• TASK TO CARRY OUT:
Every line from the one with "OEM 2000 Oldsmobile" to the final line of the records should be printed exactly as it is, with pictures left out.

[Web page caption snippets]
__________________________________________________

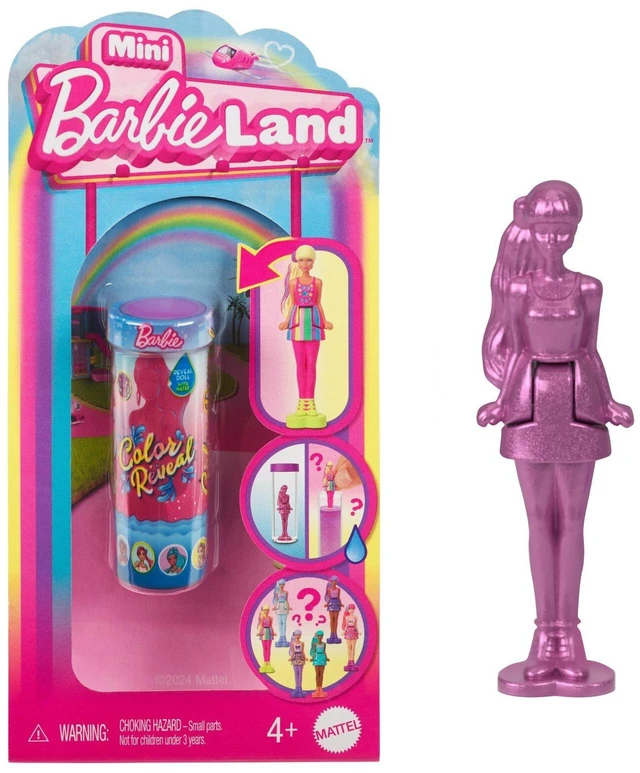 Main image of Barbie Mini BarbieLand Color Reveal Dolls, 1.5-inch Doll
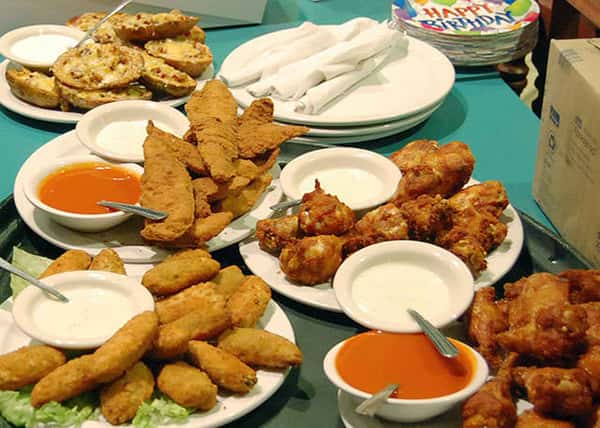 several appetizers on a table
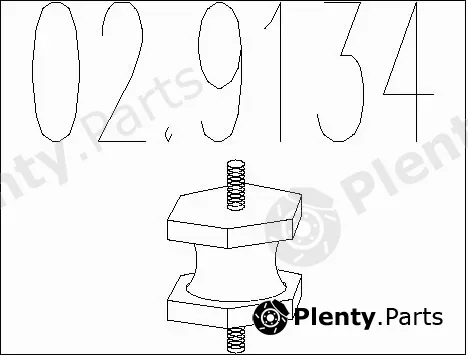 MTS 02.9134 — Rubber Buffer, muffler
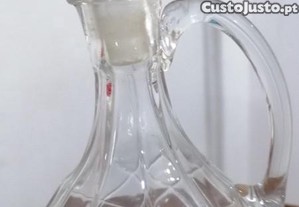 Galheta para galheteiro em vidro, antiga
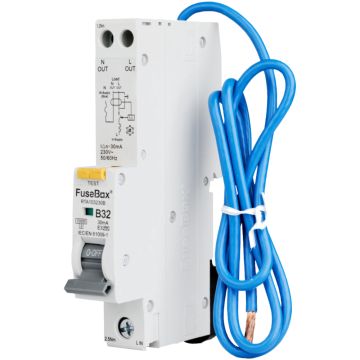Fusebox RCBO Fusebox RCBO 32A Type A Single Pole 10kA RTA103230B - Fusebox RCBO Fusebox RCBO 32A Type A Single Pole 10kA RTA103230B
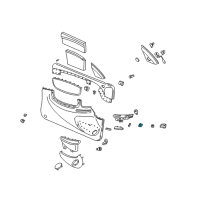 OEM 2000 Oldsmobile Alero Window Switch Diagram - 10440281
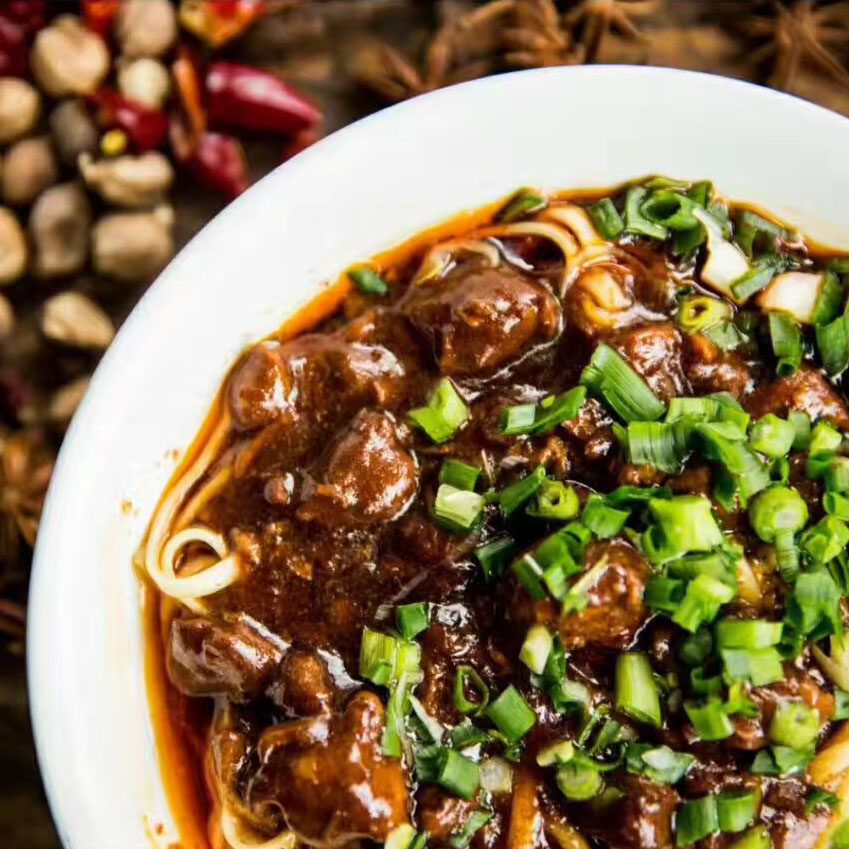 10份起拍包邮四川大竹吴铭阁面条碱面3两非重庆面另有建平小面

__________________________________________________

• RESPONSE AREA:
 OEM 2000 Oldsmobile Alero Window Switch Diagram - 10440281
 10份起拍包邮四川大竹吴铭阁面条碱面3两非重庆面另有建平小面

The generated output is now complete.